Frequently asked questions.

Q. Do you oppose all development on these parcels? Do you want them to stay the way they are?

A. No, we most definitely do not oppose redevelopment of these parcels, nor do we want to be exclusionary. Just the opposite, we strongly support redevelopment on the Troost facing portion of our block. But irresponsible redevelopment will substitute a permanent set of new problems for the ones we currently face, and as proposed the KC Outlook project will bring many new problems. 

We believe this redevelopment should adhere to the guidelines established by the Troost Overlay, the Troost-Emmanuel Cleaver II Redevelopment Plan, other relevant plans, and conform to the limits set by current zoning and development code. These plans and this zoning were developed with extensive community input and were adopted by the Kansas City Council. The Troost Overlay was developed with the input and participation of every neighborhood association in its planning area and has broad community support. These requirements are in place explicitly to guide development in a way that will preserve and enhance the character of the Troost corridor while protecting the existing neighborhood from new uses that are incompatible with what is here now.

These requirements are not overly-restrictive or exclusionary, and provide ample opportunity for development that preserves and improves the neighborhood, including diverse types of new housing. We would actively support development that works within this framework and have expressed this to the developer, the Department of City Planning, and anyone else who has asked.

We demonstrated our good-faith in working with developers to redevelop the 4500 block of Troost when we worked with UC-B Properties after they applied for a Special Use Permit to convert the historic firehouse at 4518 Troost. UC-B were required by the Troost Overlay to get a Special Use Permit for the event space they opened in the firehouse, and this was enforced by the City Planning and Development Department. We vigorously expressed our concerns about the project as initially proposed, but we met with the developer and they made reasonable accommodations to address our concerns. That Special Use Permit was granted in 2019.

Q. Aren't the project parcels blighted and in need of redevelopment?

A. Yes, the project parcels are presently in rough shape, and we agree that they should be redeveloped. But this does not mean that development should take place without regard for the neighborhood, neighboring parcels, and the Troost corridor, and without regard for the extensive planning that has taken place.

The parcels in this project have also fallen much further into disrepair and neglect since purchased by the current property owners/developers.
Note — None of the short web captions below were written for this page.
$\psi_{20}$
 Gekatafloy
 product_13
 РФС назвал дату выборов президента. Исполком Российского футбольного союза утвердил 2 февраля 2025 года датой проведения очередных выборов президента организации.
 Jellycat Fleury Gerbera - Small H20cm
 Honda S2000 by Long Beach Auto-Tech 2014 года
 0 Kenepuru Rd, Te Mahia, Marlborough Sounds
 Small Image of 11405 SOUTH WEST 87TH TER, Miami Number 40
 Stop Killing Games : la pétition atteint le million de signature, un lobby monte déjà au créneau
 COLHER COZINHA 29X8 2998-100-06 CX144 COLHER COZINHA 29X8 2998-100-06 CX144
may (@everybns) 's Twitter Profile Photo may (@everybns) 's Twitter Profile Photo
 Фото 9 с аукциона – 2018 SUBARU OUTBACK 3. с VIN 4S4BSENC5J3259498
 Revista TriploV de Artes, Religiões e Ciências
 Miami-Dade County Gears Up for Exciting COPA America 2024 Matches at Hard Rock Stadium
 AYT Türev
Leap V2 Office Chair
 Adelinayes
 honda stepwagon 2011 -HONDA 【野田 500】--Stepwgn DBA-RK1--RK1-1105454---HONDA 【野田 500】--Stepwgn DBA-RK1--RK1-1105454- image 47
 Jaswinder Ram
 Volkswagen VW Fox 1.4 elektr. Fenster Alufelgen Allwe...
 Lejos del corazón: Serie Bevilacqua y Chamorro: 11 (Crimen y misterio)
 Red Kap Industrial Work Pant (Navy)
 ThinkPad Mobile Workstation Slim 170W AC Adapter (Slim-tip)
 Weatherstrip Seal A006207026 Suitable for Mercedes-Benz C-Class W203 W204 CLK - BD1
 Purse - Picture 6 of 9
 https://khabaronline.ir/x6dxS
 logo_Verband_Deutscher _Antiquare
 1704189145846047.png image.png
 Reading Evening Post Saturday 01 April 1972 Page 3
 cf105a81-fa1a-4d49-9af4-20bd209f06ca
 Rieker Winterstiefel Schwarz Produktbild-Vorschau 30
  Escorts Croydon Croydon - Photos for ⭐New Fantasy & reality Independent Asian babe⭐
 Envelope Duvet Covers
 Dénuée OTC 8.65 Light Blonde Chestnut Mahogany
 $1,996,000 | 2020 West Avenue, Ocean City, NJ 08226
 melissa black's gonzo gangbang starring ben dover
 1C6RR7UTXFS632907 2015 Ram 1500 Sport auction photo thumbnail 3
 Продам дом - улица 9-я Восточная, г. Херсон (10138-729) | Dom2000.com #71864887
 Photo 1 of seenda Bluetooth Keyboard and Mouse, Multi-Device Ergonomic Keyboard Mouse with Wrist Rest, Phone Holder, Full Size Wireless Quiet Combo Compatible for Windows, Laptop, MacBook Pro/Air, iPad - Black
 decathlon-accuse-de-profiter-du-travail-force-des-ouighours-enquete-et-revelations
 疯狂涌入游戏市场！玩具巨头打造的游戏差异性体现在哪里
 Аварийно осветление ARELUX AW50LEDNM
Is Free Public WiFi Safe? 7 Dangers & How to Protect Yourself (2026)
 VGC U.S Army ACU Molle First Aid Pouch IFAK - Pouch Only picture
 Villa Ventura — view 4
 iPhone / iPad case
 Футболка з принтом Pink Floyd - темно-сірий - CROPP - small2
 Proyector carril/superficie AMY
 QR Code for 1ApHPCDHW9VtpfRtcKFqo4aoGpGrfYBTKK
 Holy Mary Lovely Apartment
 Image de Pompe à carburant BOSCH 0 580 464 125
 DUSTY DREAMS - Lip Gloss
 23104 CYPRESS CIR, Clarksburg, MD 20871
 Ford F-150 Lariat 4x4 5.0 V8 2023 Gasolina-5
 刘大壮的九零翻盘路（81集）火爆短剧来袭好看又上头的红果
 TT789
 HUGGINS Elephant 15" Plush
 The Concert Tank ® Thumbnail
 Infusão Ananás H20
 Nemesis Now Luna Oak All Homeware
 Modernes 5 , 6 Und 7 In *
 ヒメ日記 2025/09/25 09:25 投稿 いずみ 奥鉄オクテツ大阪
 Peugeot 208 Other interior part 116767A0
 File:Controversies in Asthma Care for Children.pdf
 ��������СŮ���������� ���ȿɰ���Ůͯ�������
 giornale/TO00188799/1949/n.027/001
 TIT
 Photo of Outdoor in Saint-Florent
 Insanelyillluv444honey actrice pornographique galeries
There were businesses operating in all but one of these buildings when they purchased these parcels. Now these buildings are vacant and have declined even further. The developer should not be rewarded with exceptions to the rules and public funding because they allowed this to happen.

Q. Would changes to the project make it financially infeasible?

A. No. Quite simply, the City of Kansas City, MO, through the Economic Development Corporation of Kansas City, should provide adequate public financial incentives to make the redevelopment of the 4500 block of Troost financially feasible. This is the purpose and proper use of these incentives. But public financial incentives should only be used to support projects that adhere to the requirements and guidelines established by the community, which in this case means the Troost Overlay, the Troost-Emmanuel Cleaver II Redevelopment plan, other relevant plans, and the current Zoning and Development code. These requirements and guidelines are in place to ensure development projects do not have significant adverse effects on neighboring properties. As currently proposed the KC Outlook project fails this test. If the developer refuses to revise the project the city should implement its own recommendations specified in the Troost-Cleaver II redevelopment plan.

Q. Who are the members of KansasCity4Troost.org?

A. This website was created and is maintained by one of the residents on the 4500 block of Gillham Rd, Kansas City, MO, who is working closely with the neighbors on this block and in this neighborhood. We have worked together closely on this project since 2019, and this is a grass-roots, community-based initiative. We have also worked extensively with our neighborhood association, the Hyde Park Neighborhood Association, who also recently issued a letter opposing this project as currently proposed. If you would like more information please feel free to use the "Contact Us" page.

 

Q. Do you live in the neighborhood?

A. Yes. The 4500 block of Gillham Rd. is the western edge of the block on which the KC Outlook project is proposed. The 4500 block of Troost is the eastern edge of the block. We share a property line down the middle of the block. The domain for this website shows a registration location outside of Missouri because it was created using an online website platform that, apparently, is located outside the state.

Q. How can I participate in the City Plan Commission Hearings?

A. For more information on how to participate in the hearings, please visit https://www.kcmo.gov/city-hall/departments/city-planning-development/about-the-city-plan-commission-cpc and follow the instructions. In order to provide testimony during a call, please use the "Raise Hand" feature and you will be promoted to a speaker at the appropriate time. Testimony is typically limited to 2 minutes, so we recommend writing down what you'd like to say ahead of time.